Items from a dataset:
-.-.-
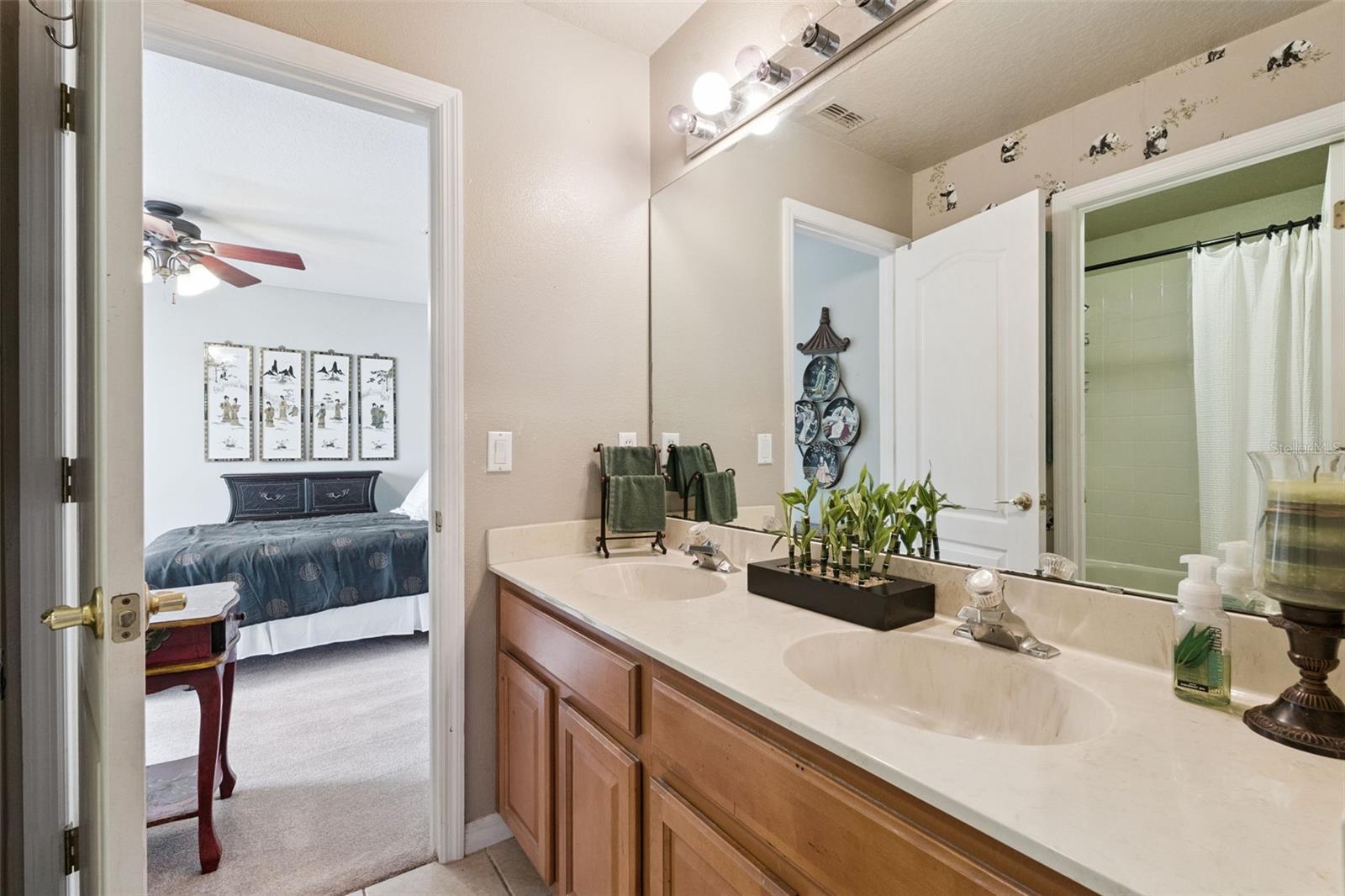 WINDSOR LANDING - Residential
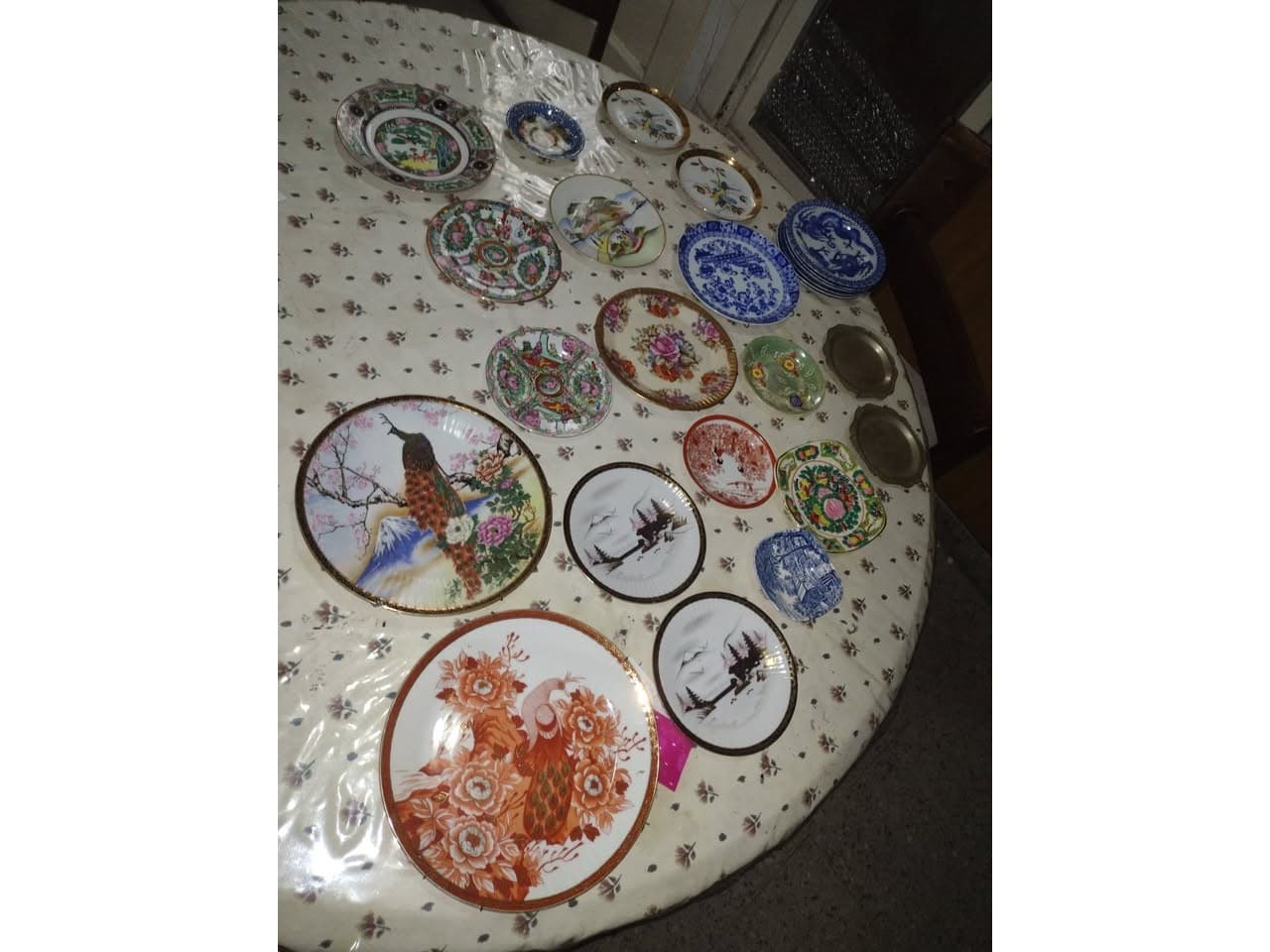 Platos de porcelana colgantes antiguos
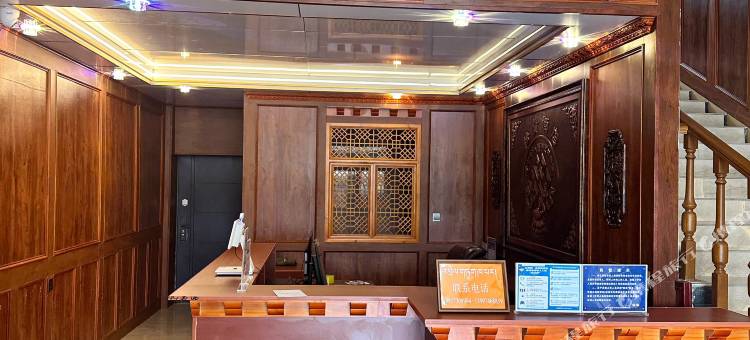 曲麻莱松赞酒店图片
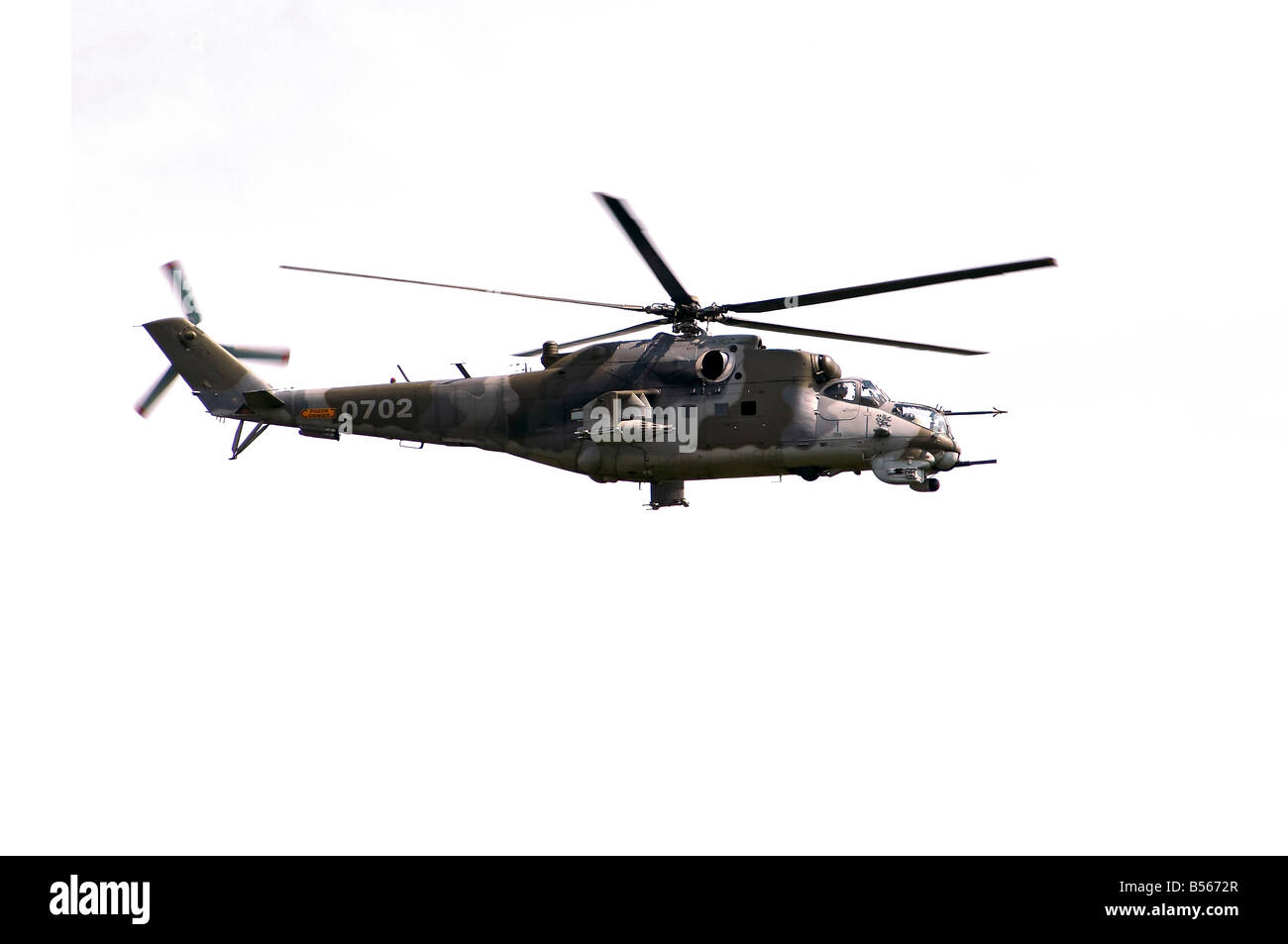 Colpo di volare in elicottero d'assalto - gunship - forze armate - armamento aereo - modello di elicottero mi24V / mi35 Foto Stock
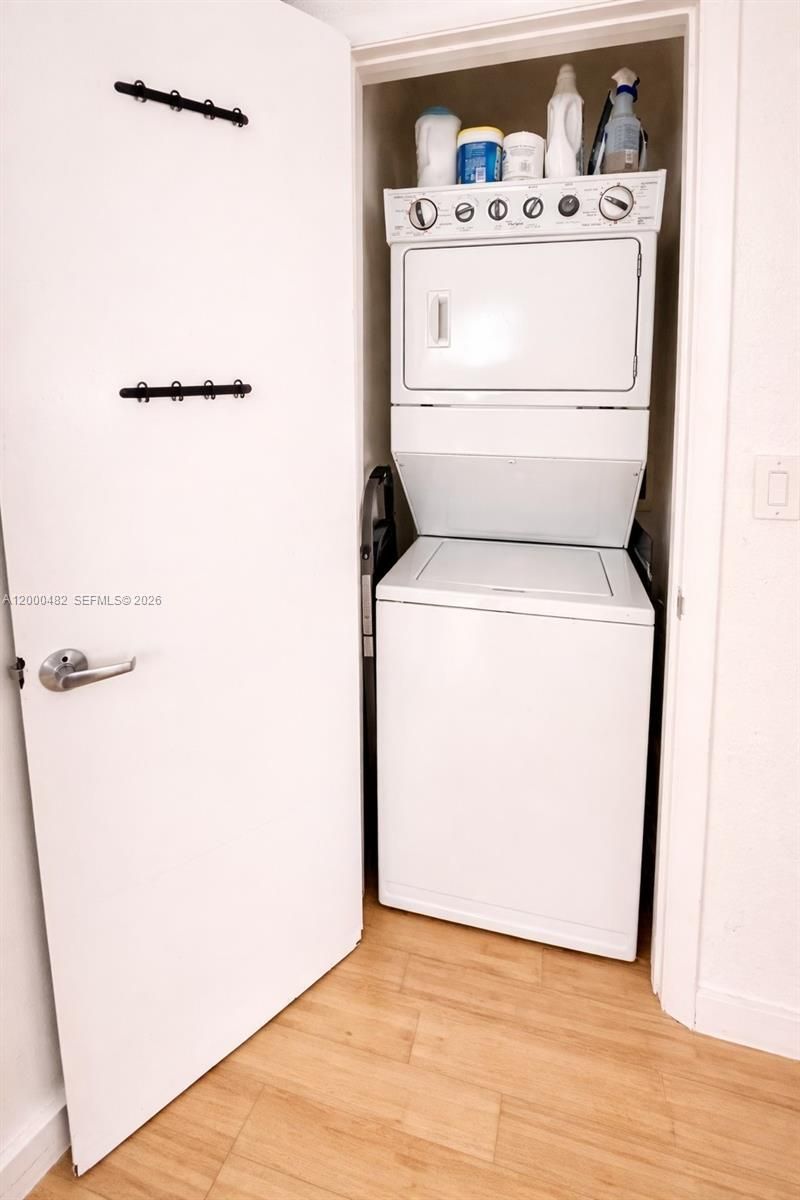 3915 N Meridian Ave, Unit 206, Miami Beach, FL 33140 Photo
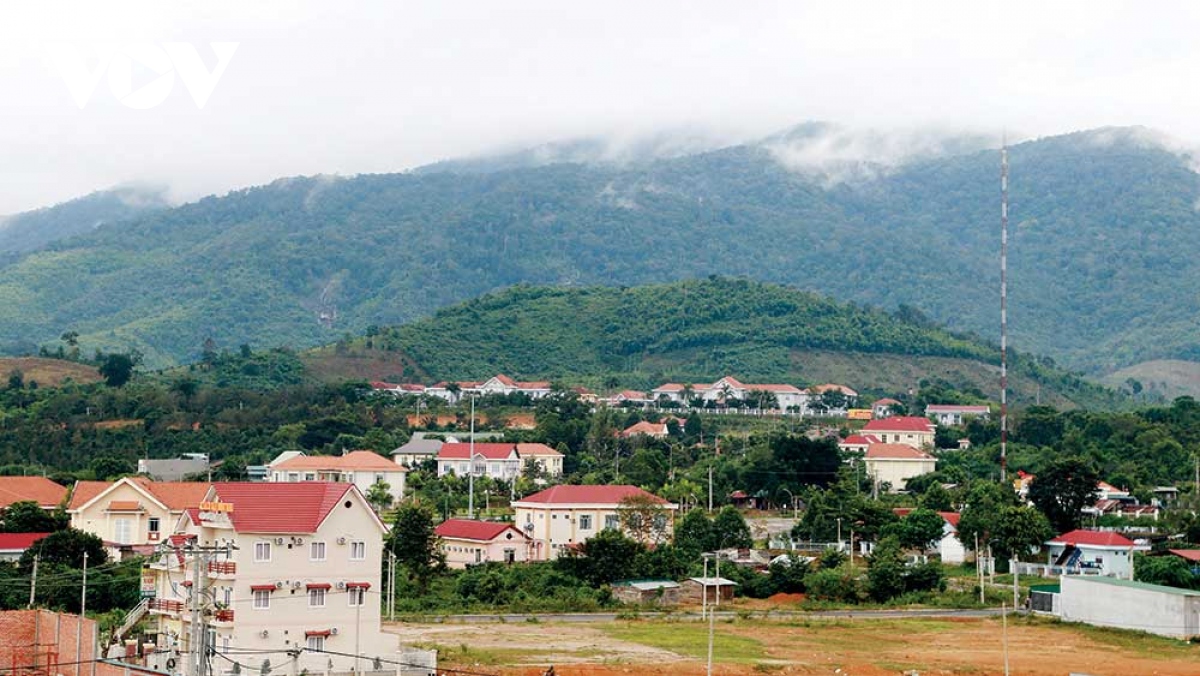 Dong bao o lam Dong thoat ngheo nho huong dau tu dung hinh anh 1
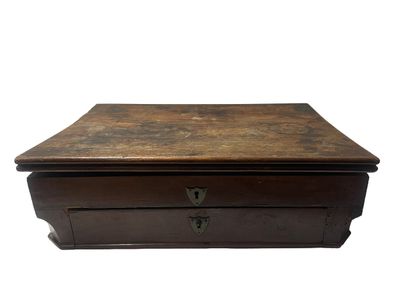 null Old middle table forming a wooden box in mahogany opening by a drop, discovering...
-.-.-
= Assigned task =
The expected output is the exact run of lines from the one containing "Dong bao o lam" through the final line of the data above, both ends included, with no pictures.

= Problem solution =
 Dong bao o lam Dong thoat ngheo nho huong dau tu dung hinh anh 1
 null Old middle table forming a wooden box in mahogany opening by a drop, discovering...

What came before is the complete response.